I'm working on re-designing an existing network topology, and am trying to do it the "Cisco recommeneded" way. I have alot of Cisco expierence in the way of VoIP, and some routing & switching knowledge, but I want to make sure before trying to implement this solution, that I at least ask some of the experts.
We currently have 2 separate networks, a 192.168.1.0, and a 10.1.1.0, both which are class C subnets.
Most of our user PC's, and almost all servers are housed on the 192.168 network. The most major thing that is on the 10.1 network is our email server, and a static DNS server, and also a few un-migrated user PC's.
All ports are currently assigned to the default VLAN 1. What is the best way to go about setting up VLANs on this network? I plan on creating a VLAN192, and a VLAN10, and assigning all necessary ports to the correct VLANs. In the near future there will also be 1 or 2 more VLAN's created for VoIP).

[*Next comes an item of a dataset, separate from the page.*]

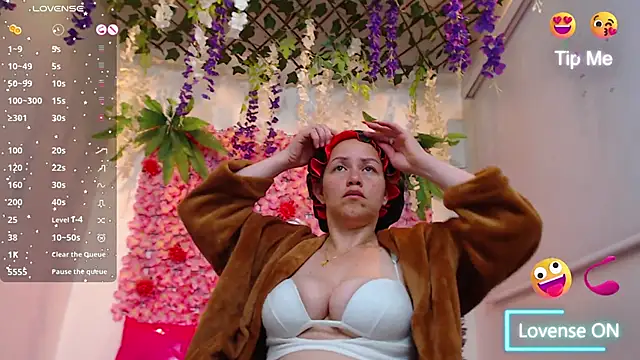 BLONDE SEXYHOT online show from 01-12-26, 11:50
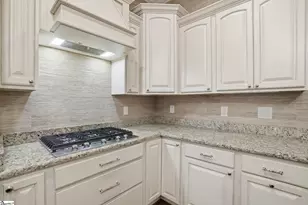 231 Castellan Dr, Greer, SC 29650 - Photo 13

What is needed to correctly route traffic between each VLAN? Right now we have a Cisco4506 L3 switch, in which I can set up routing (IP routing command/static routes/EIGRP??). All edge/access switches on the network connect back to the 4506, and then on the "other side" of the 4506 we have a PIX Firewall, and then the "public internet".
Also, to throw another question in, I plan on subnetting down the 10.1 network, but again, I'm assuming that I can easily set up static routing in the L3 4506, or even use a routing protocol that supports VLSM's, such as EIGRP.
What problems might I run into? There are currently 2 DHCP servers in place, one for each network, so I don't think that will be a problem, but again I could be wrong.
Any help is always greatly appreciated!